UN TINTIN CATHO DE LA CAMBROUSSE
En son centre s’escrime Dave « Belle-Mèche » Robicheaux qui – comme tous les cajuns – enveloppe sa personne dans les mêmes musiques zydeco jouées dans les fait-dodo depuis 50 ans. Il aime écouter ces ritournelles dans les bars mais, inscrit aux alcooliques anonymes, il ne fréquente désormais les établissements de boisson que pour les besoins de ses enquêtes. L’alcool est l’un de ses problèmes. La violence en est un autre, et pour ses deux maux qui rongent le néanmoins humaniste policier, la confession est sa méthode d’expiation. Son seul but est néanmoins de faire le bien autour de lui, et en premier lieu pour sa fille Alafair, symbole omniprésent du drame fondateur de cette saga. S’il avait pu, il serait resté dans son entreprise de location de bateaux, terminant ses journées à taquiner la carpe dans les marais. Mais, policier un jour… policier toujours : d’autant qu’ici, la Louisiane se charge de remobiliser ses défenseurs de l’ordre et du bien à mesure que les cadavres jonchent les rues, et que la terrifiante prison d’Angola demande sa pitance humaine.

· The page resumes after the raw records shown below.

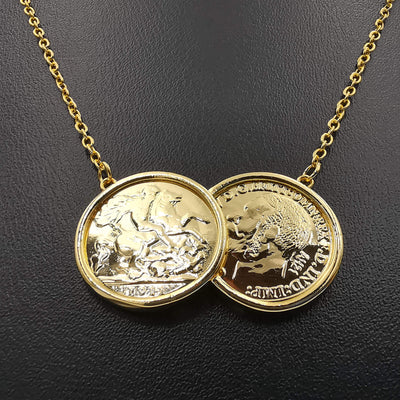 18K Gold Plated Double Coin Necklace - Offer Hunts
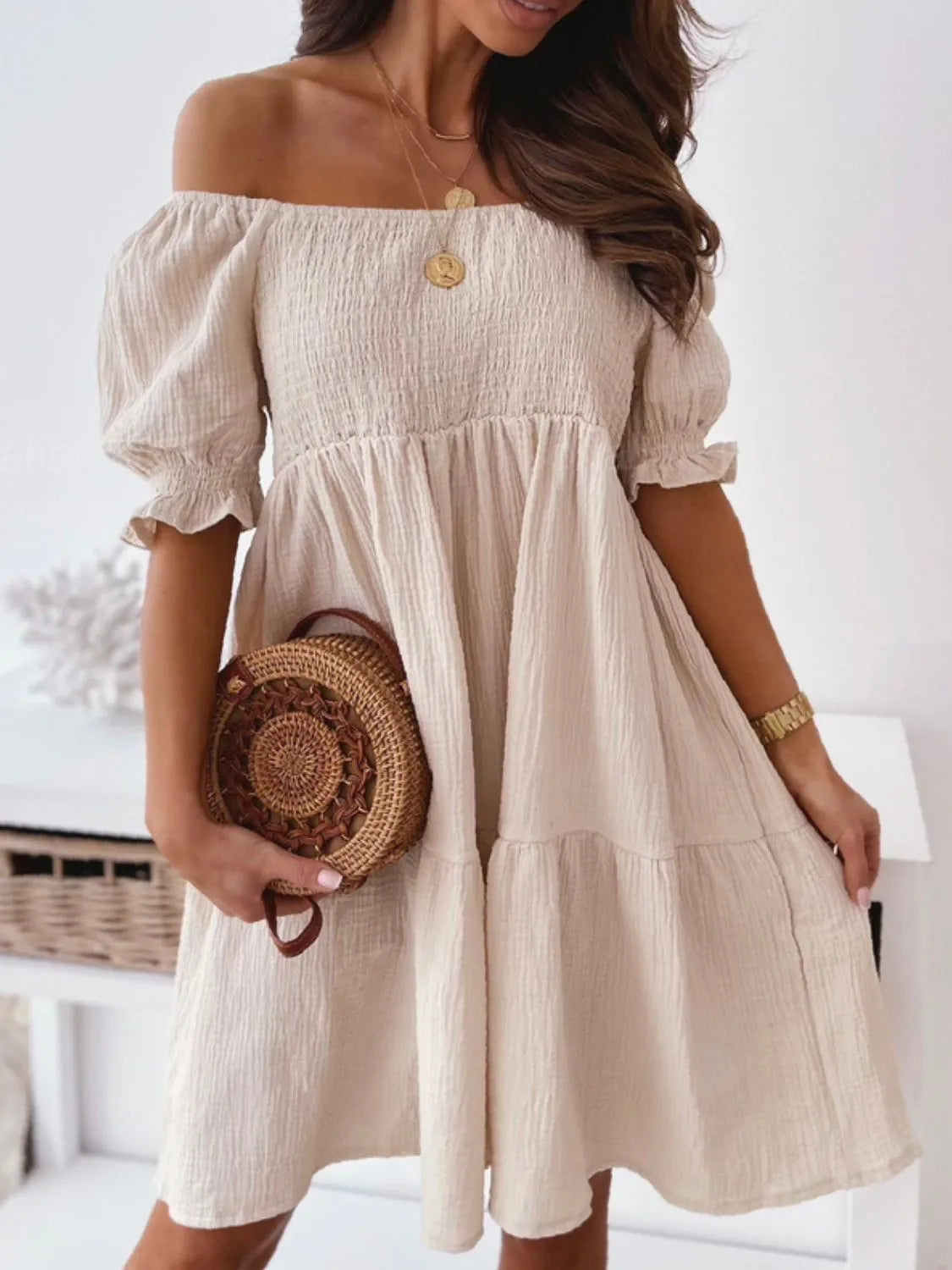 Smocked Off-Shoulder Mini Dress – Trendsi | ClozArt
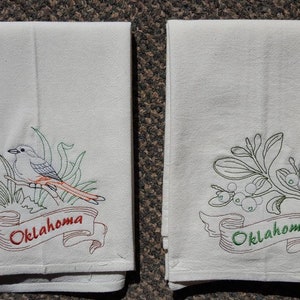 Oklahoma State Bird Scissor-Tailed Flycatcher OR State Flower Mistletoe Machine Embroidered Flour Sack Dish Towels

Robicheaux : un « Tintin » catho et viril de la cambrousse avec – en guise de Milou – un diablotin qui flatte ses mauvais instincts… Dave n’est pas un super-flic, certes, mais il est tout de même loin de l’anti-héros. Allez, par delà l’explication des paradoxes, le mieux est tout de même d’y jeter un coup d’oeil, non ?
L‘arc-en-ciel de verre
En mai dernier, David Robicheaux a ainsi fait sa 18e apparition en français, sa langue maternelle. De retour à New Iberia, dans le pays Cajun, Dave est entraîné dans une enquête déchirante sur le meurtre de sept jeunes femmes. Alors que tout semble indiquer la piste d’un serial killer, la mort d’une étudiante, bien différente des marginales habituellement prises pour cible par les tueurs de femmes, l’intrigue. Robicheaux et son ami Clete s’en prennent aussitôt à Herman Stanga, maquereau et dealer notoire. La confrontation tourne à la bagarre devant témoins, ce qui place Clete dans une situation d’autant plus délicate que Stanga est à son tour assassiné. Dans le même temps, Alafair, la fille adoptive de Dave Robicheaux, est séduite par un écrivain issu d’un clan bien connu de Louisiane, des gens corrompus et manipulateurs qui font craindre le pire à Dave. Mais Alafair ne veut rien savoir et commence à s’éloigner de son père… Dave revient donc au pays dans ce 18e opus qui le voit néanmoins faire une petite incursion dans le Montana. Notre critique ? Génial, comme d’habitude !
James Lee Burke, L’arc-en-ciel de verre (The Glass Rainbow, 2010), Rivages/Thriller, 2013. Traduit par Christophe Mercier. 448 pages, 22 euros en version papier.